2015 category | % earned of top 100 | Highest/lowest since … | % earned of top 100 |
Top 10 films | 38.80% | 1984 | 40.04% |
Top 20 films | 55.62% | 1983 | 56.45% |
Top 30 films | 67.63% | 1989 | 68.01% |
Nos. 2–20 films | 46.55% | 1992 | 46.49% |
Bottom 10 films | 2.32% | 1992 | 2.29% |
Bottom 20 films | 5.11% | 1989 | 4.50% |
Middle 10 films | 5.12% | 1989 | 4.85% |
Another important factor here might be the quality of the films themselves. While at least a few films each year truly permeate the mass culture and approach a “must see” status among audiences, 2015 saw a number of releases that were widely considered mainstays of the cultural conversation—in some cases titles ranking as far down as the top 20 or top 30 of the yearly box office, instead of just the top five or top 10 as in most other years. This in turn may have significantly contributed to overall “box office inequality,” as films ranking in the number 10 to 20 range or 20 to 30 range of the yearly box office still packed audiences into the theaters as had rarely occurred before. To name a few such titles: The Martian, The Revenant, Fifty Shades of Grey, Trainwreck, Straight Outta Compton, and Mad Max: Fury Road.

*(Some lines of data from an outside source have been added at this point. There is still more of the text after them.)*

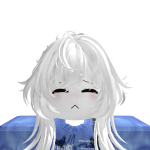 ljukioiukjk's avatar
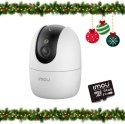 Kamera IP Imou Ranger 2 Pro 5MP z kartą pamięci 64GB IMOU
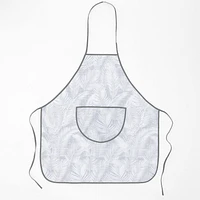 Cachet Apron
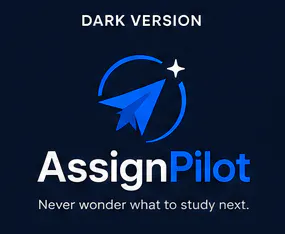 AssignPilot Ai - Helping Organize School gallery image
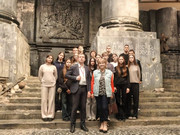 Изображение WhatsApp 2024-11-01 в 09.22.43_239f0c3a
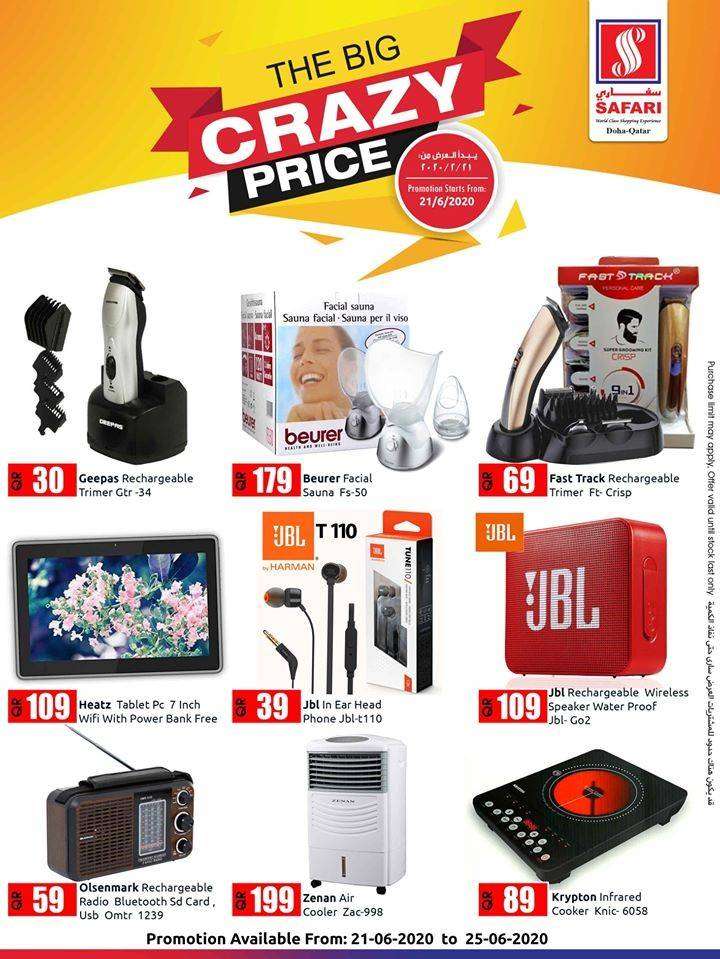 the-big-crazy-price-offers-qatar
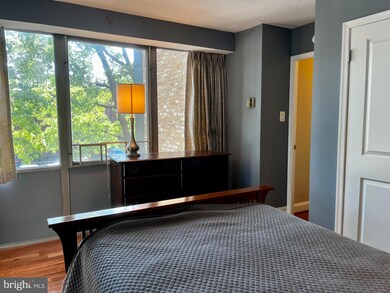 1311 Delaware Ave SW unit 137, Washington, DC 20024 - photo 5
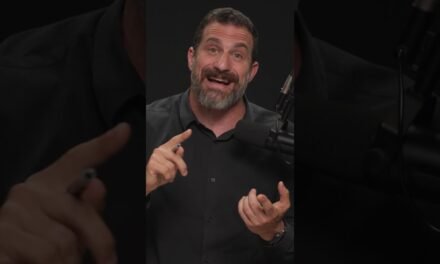 Should You Exercise After a Poor Night’s Sleep?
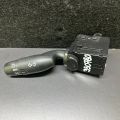 35255-TA0-K42 | Подрулевой переключатель лев. HONDA CRV 06-12 - Превью 2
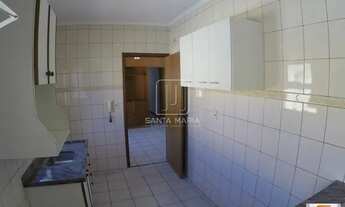 Imagem 4: Apartamento (tipo - padrao) 1 dormitórios/suite, cozinha planejada, em condomínio fechado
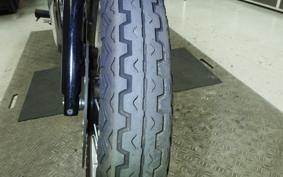 KAWASAKI W650 2010 EJ650A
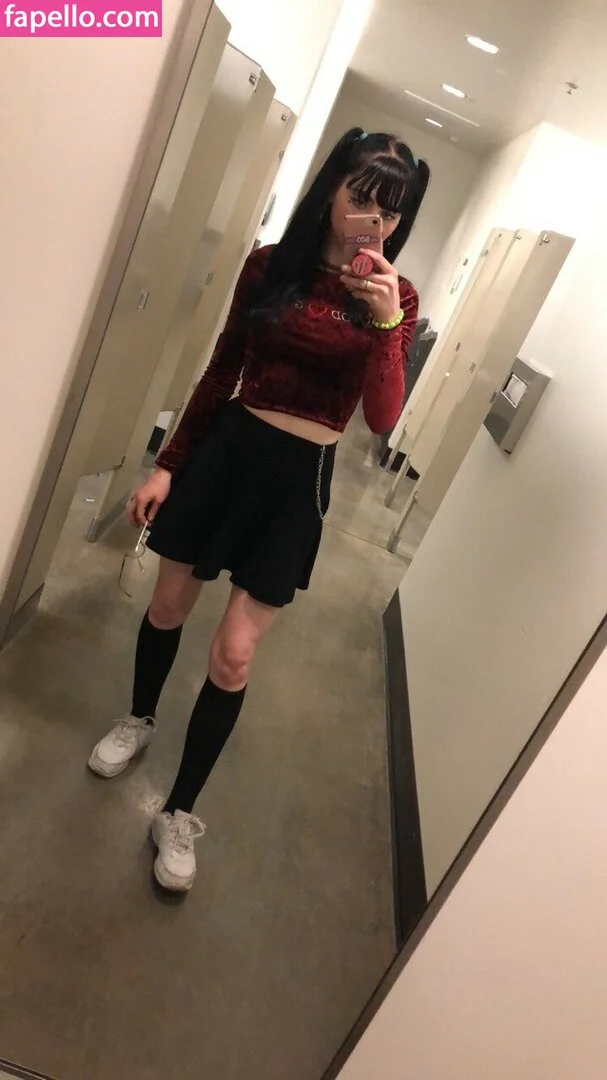 cnasty_23 Onlyfans Photo Gallery 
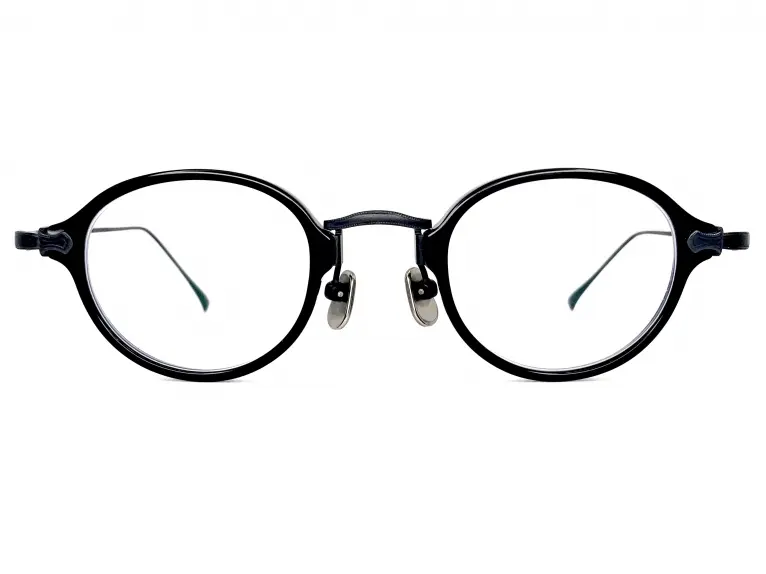 kearny PETER サングラス kearny カーニー peter gray lens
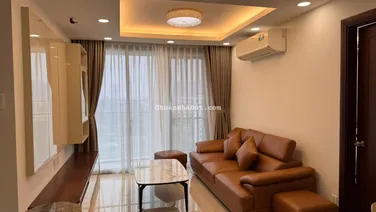 Bán CC 2PN, 2VS, 79m2 tại Hưng Phúc Premier, giá siêu hời 7,68 tỷ, Q7, HCM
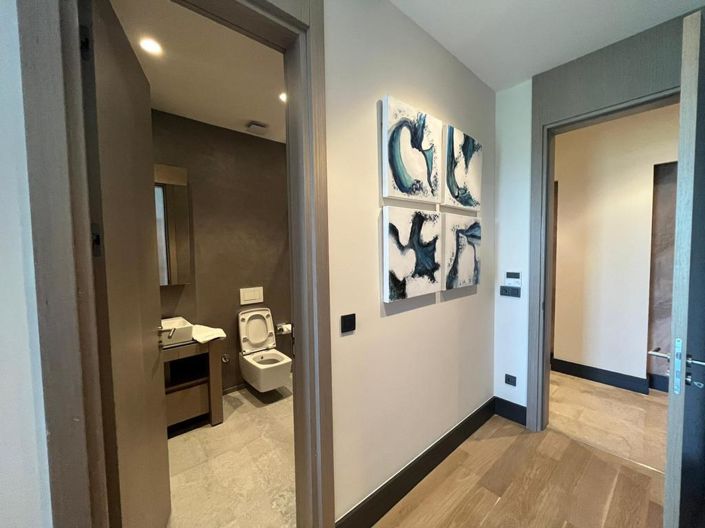 Image No.12-4 Bed House/Villa for sale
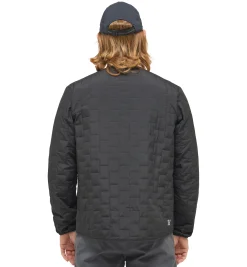 Haglöfs Mimic Companion Jacket Men- Jackor|Vandring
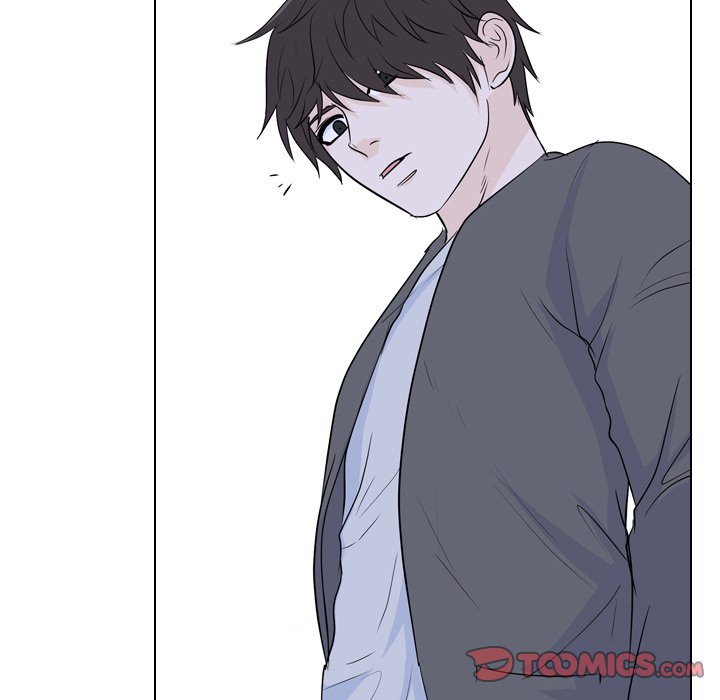High School Legend Red Dragon chapter 89 page 90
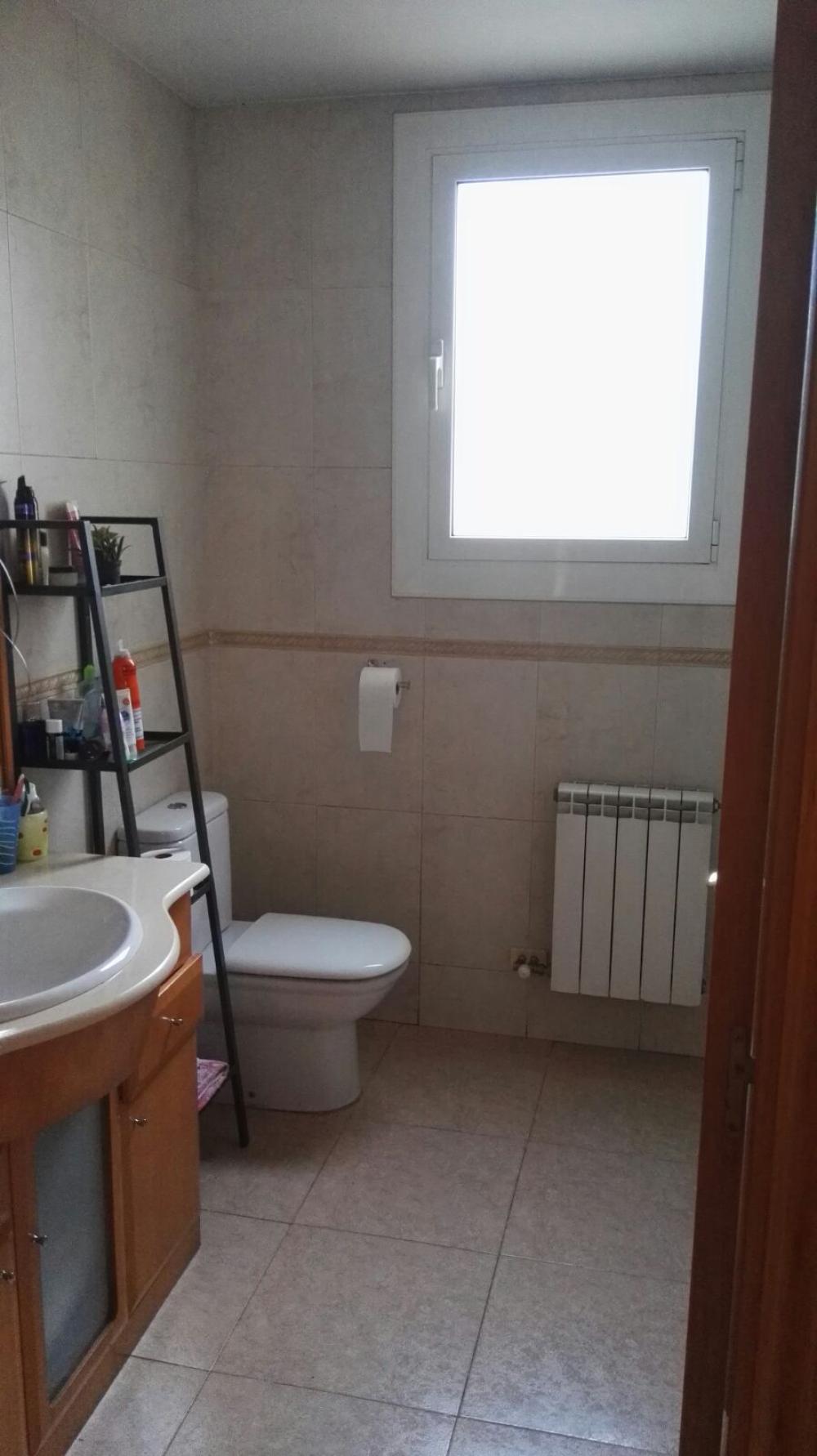  te koop huis Castellar Del Vallès Vallès Occidental 5
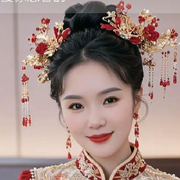 传说连城♛魔霸疯狂♛的头像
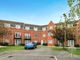 Thumbnail Flat for sale in Fennel Court, Hawthorne Close, Thatcham, Berkshire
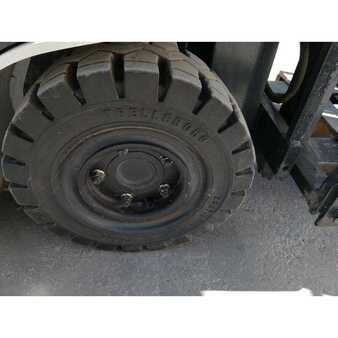Outro 2015  Unicarriers A1N1L18Q (6)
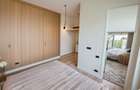 Apartament cu 4 camere decomandat în Iancu Nicolae - 6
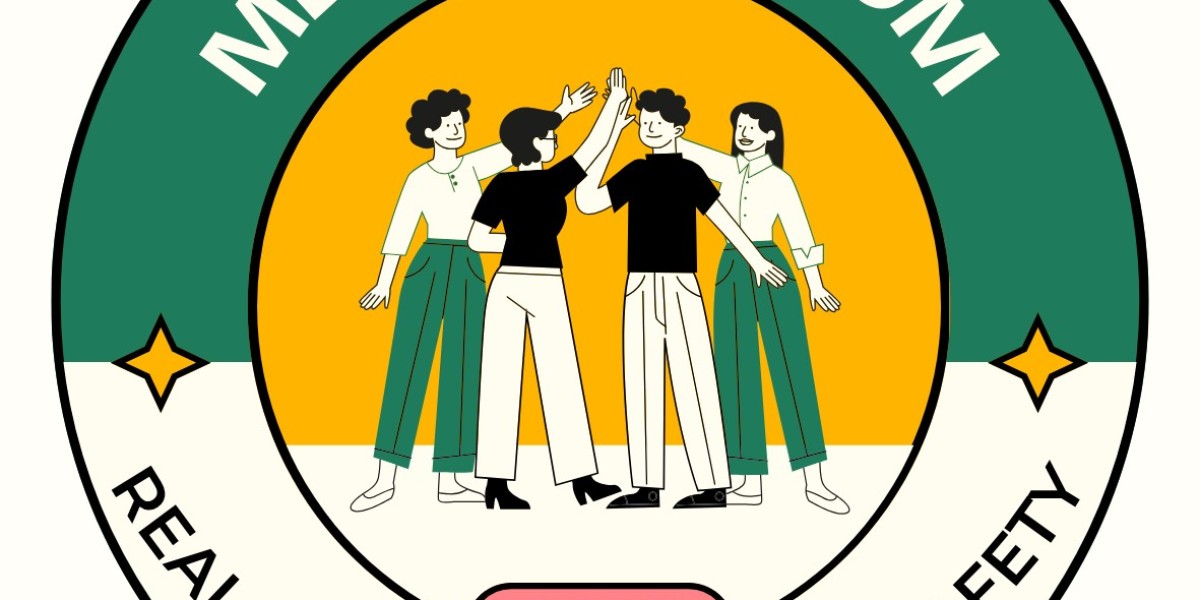 How to Buy Adderall Online: Tips for Safe and Legal Purchase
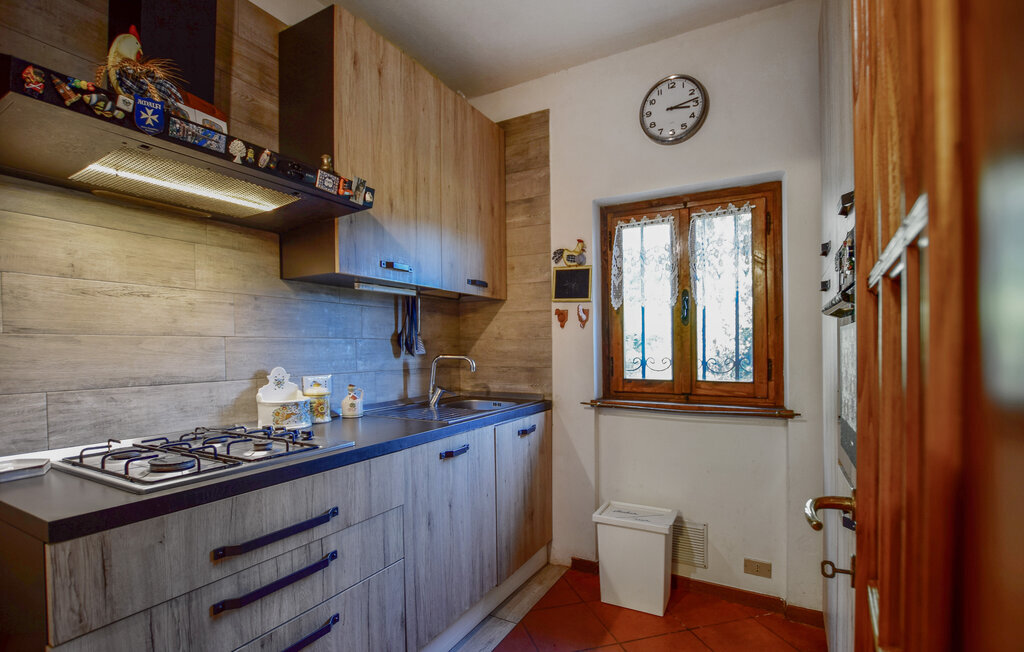 Maison 5 personnes à Camaiore - Photo 15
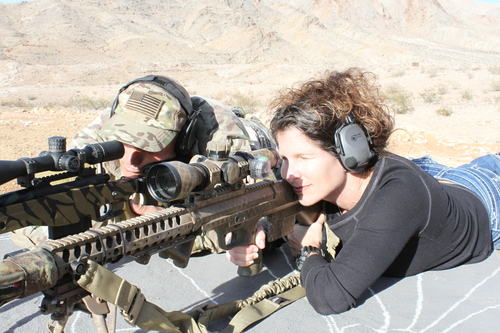 Woman-participating-in-Long-Range-Shooting-Course-Blog2.png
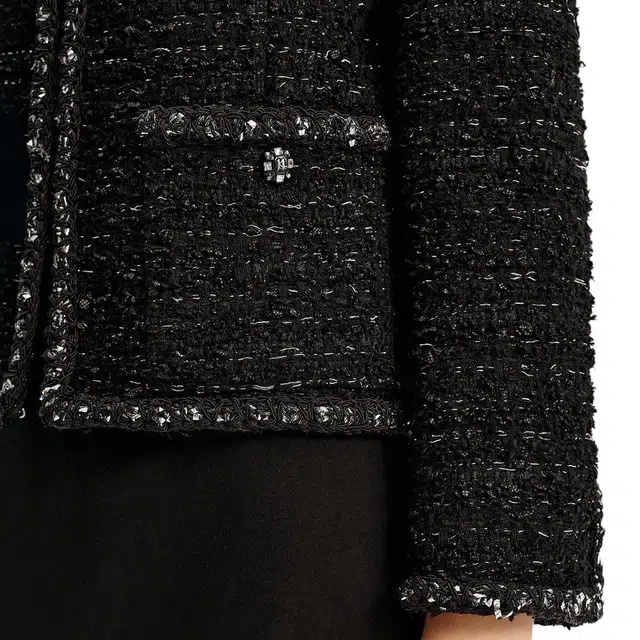 KARL LAGERFELD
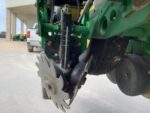 2010 John Deere 1770NT CCS - Image 16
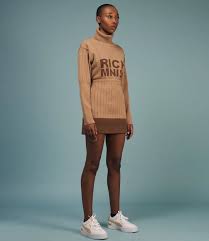 Watch bonang matheba & rich mnisi interview each other. Rich Mnisi Brings A Whole New Meaning To Killer Wfh Style With This Azania Capsule Collection Bellanaija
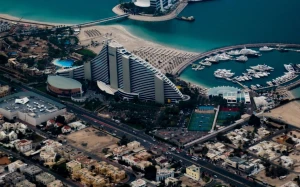 fe13c700-d140-43cf-9a97-3f5898d0782e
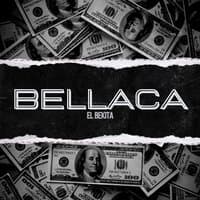 Bellaca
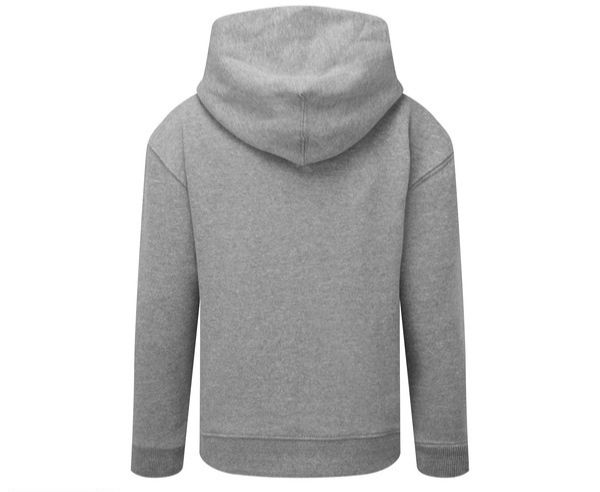 ECO HOODY, LEISUREWEAR, HOODIES & SWEATS
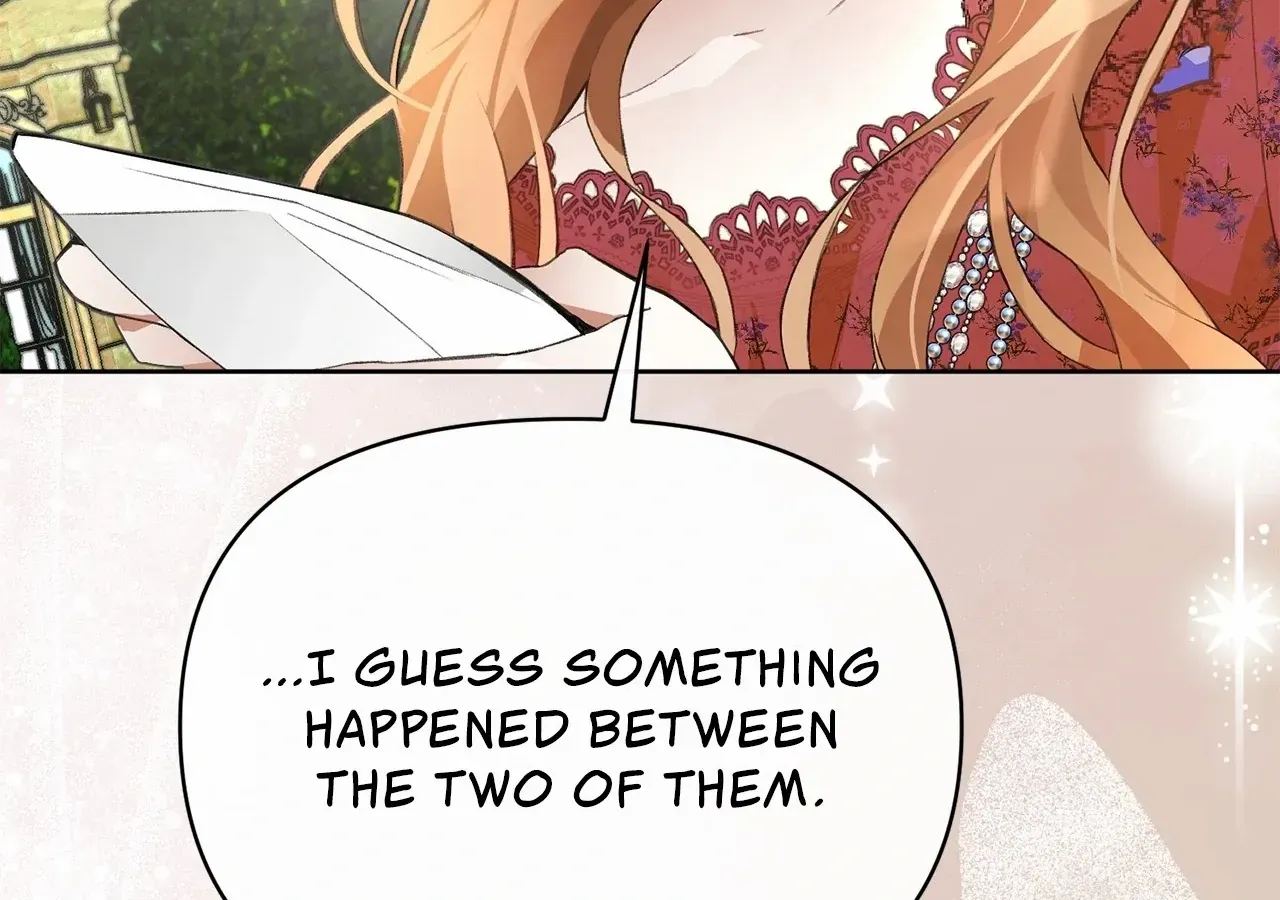 Looking for My One-Night Villainess Chapter 24 page 211 - 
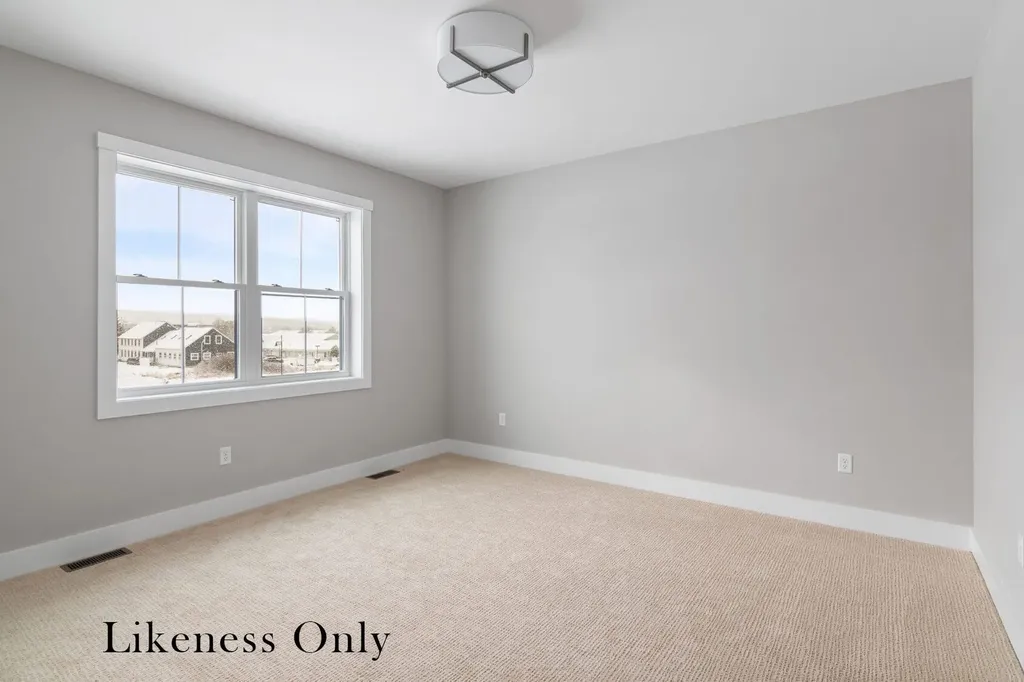 145 Eden Lane Williston VT 05495-9116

The last year in which the top 30 made up such a large share of the top 100’s earnings was 1989. Just as always, that year had a few “must see” films in the top 10 by box office, including Batman, Indiana Jones and the Last Crusade, and Back to the Future Part II. But it also had high-grossing films throughout the top 30, many of which are now considered classics: Dead Poets Society, When Harry Met Sally, The Little Mermaid, Born on the Fourth of July, Field of Dreams.
What Hollywood can learn
Was 2015 an exception, or the start of a new trend of box office inequality? For now it appears to have been an exception.
As of this writing in mid-September, the start of the 2016 fall movie season, the box office breakdown has returned more or less to 21st-century form. Although there are three months left in the year, that final stretch would have to be highly unequal in order to skew the entire year in that direction. And no film—not even two of the most anticipated releases, Rogue One and Fantastic Beasts and Where to Find Them—is expected to earn a sum on the level of a Titanic or Force Awakens, meaning that when all is said and done, 2016 will likely mark a return to normal.
Income inequality can result in such deleterious effects as unequal representation in campaign finance and government lobbying, a weakening of shared commonalities and cohesiveness among the country’s populace, and a lower class often unable to afford such basics as health insurance. Box office inequality has few such consequences. Movies aren’t human beings. With that in mind, was 2015’s modern-record box office inequality a positive or negative development?
On the one hand, it’s bad for smaller or independent filmmakers and studios, who often produce what are considered to be higher-quality or more highly acclaimed films. The average American moviegoer attends about four times a year. If that hypothetical audience member is spending those four tickets on three or four blockbusters instead of one blockbuster, two mid-budget films, and an indie, that’s clearly bad for anybody aspiring to work outside the tentpoles.
On the other hand, the reason for such box office inequality last year was arguably the plethora of excellent movies that people wanted to see. If that’s why the top 30 movies represent such a large percentage of the top 100’s earnings, then greater inequality may be a byproduct of what was largely a positive development. Indeed, overall ticket sales increased year-over-year in 2015, following ticket-sale declines in four of the previous five years.
Perhaps it is worth having the pie apportioned slightly less fairly if the pie itself gets larger.